Yesterday Mike took Annie out for some daddy/daughter time, leaving me at home to do laundry, watch grown-up TV, and eat Popsicles. Right when I sat down on the couch my phone beeped; Jackie’s dad had updated her Caring Bridge site. After Jackie’s diagnosis in 2008 her family started a journal there to keep everyone updated on her. Her oldest sister updated it at first. After Jackie recovered from her first brain surgery, she took over the updates. At the end, her dad updated it. Since she passed away, her parents have updated it a few times, mostly with letters they’ve written for Jackie. Yesterday her dad made good on a promise to start posting the speeches that were given at Jackie’s service; he began with his own.

I’d been anxiously awaiting his because part of his speech included the reading of a letter they’d found written by Jackie. I obviously heard it the day of the service, but I was a bit distracted and nervous for my own speech. I was in survival mode, and I couldn’t really let myself feel anything because I just wanted to get up there and do well and make Jackie proud. I really wanted to read Jackie’s words and let them wash over me. With Mike and Annie being gone, I was able to read them over and over. I could imagine the words written in her handwriting – her sloppiest scribble was always neater than my best efforts.

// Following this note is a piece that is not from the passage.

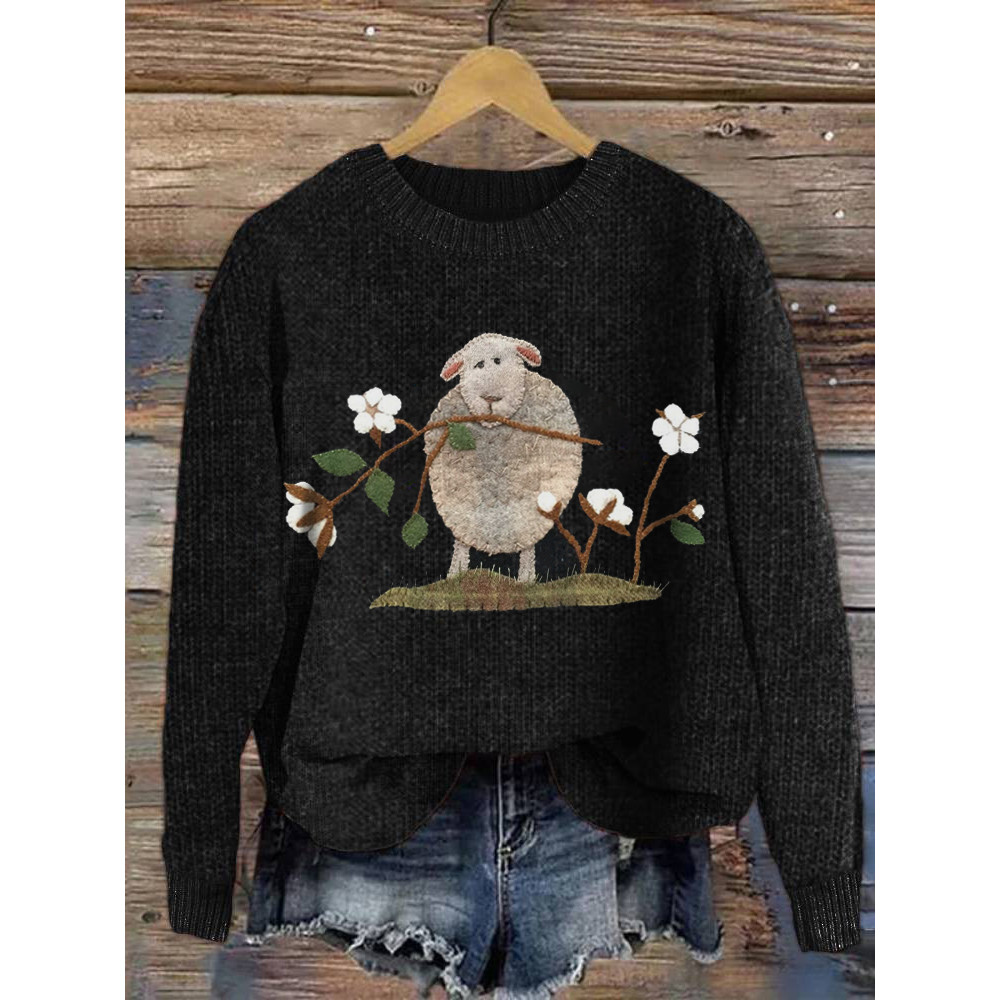 Farm Sheep & Floral Pattern Cozy Knit Sweater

Her letter was divided into two parts: “What I Am Feeling,” and “What Will Help Me.” The latter is what struck me, because it’s something that she and I had spoken about at length. She had correctly predicted the majority of the things people would say to me after Maddie died because similar things had been said to her – well-intended words that didn’t exactly comfort. People ask me all the time what they should say to the parents of a deceased child (I’ve written about it here), but people also asked Jackie for advice on how to talk to someone with cancer. In the second part of the letter her father read, she spoke to this.

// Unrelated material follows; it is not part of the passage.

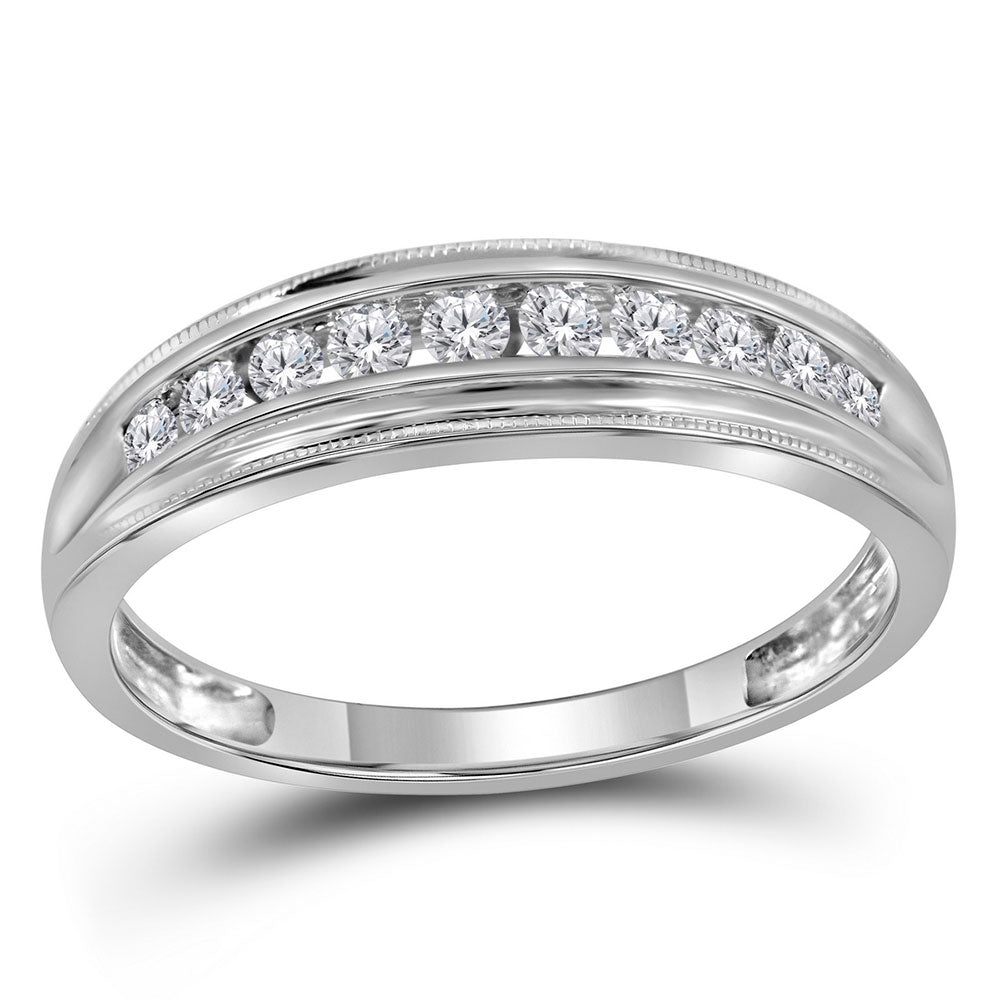 10kt White Gold Womens Round Diamond Single Row Band Ring 1/4 Cttw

“Be kind to one another.  Do nice things for friends, family and strangers.  Ultimately make the world a better place.

Don’t do things that will hurt yourself or other people.  The number one example is smoking.  Please don’t intentionally give yourself or others cancer.  It’s not as fun as it sounds.  Please quit smoking today.

Continue to support me and give me hugs.  Your love and attention are what has kept me going.  Thank you for loving me in that way.  I am very lucky.

Love and support my family and friends when I’m gone.  They’ll need the love and hugs I can’t give anymore. And maybe tell an occasional joke at their expense.

Be sensitive to people with cancer.  Don’t tell them that you knew so-and-so who died; or that God doesn’t give us more than we can handle (sometimes He does, He did with me).  Don’t tell them that miracles happen every day.  They don’t, or they wouldn’t be called miracles.  Don’t tell them that they’ll be okay.  A lot of them won’t be.  Don’t try to convert them or tell them that God just wants them back in heaven, that it’s their time.  That is not comforting.

Lastly, try to remember me as Jackie, not the girl who fought and died of brain cancer.  My greatest fear is that I’ll be reduced to my cancer.  I’m not just cancer.  I had a good life before this.”

Her family isn’t sure when she wrote this letter, or if she ever intended for anyone to see it. What is most remarkable is that it was written so gracefully. She could have been so bitter and angry, but instead she was eloquent, thoughtful, and kind. Her wishes and advice will help change how I conduct my life and the way I treat others. I hope they help everyone. I know she would have liked that.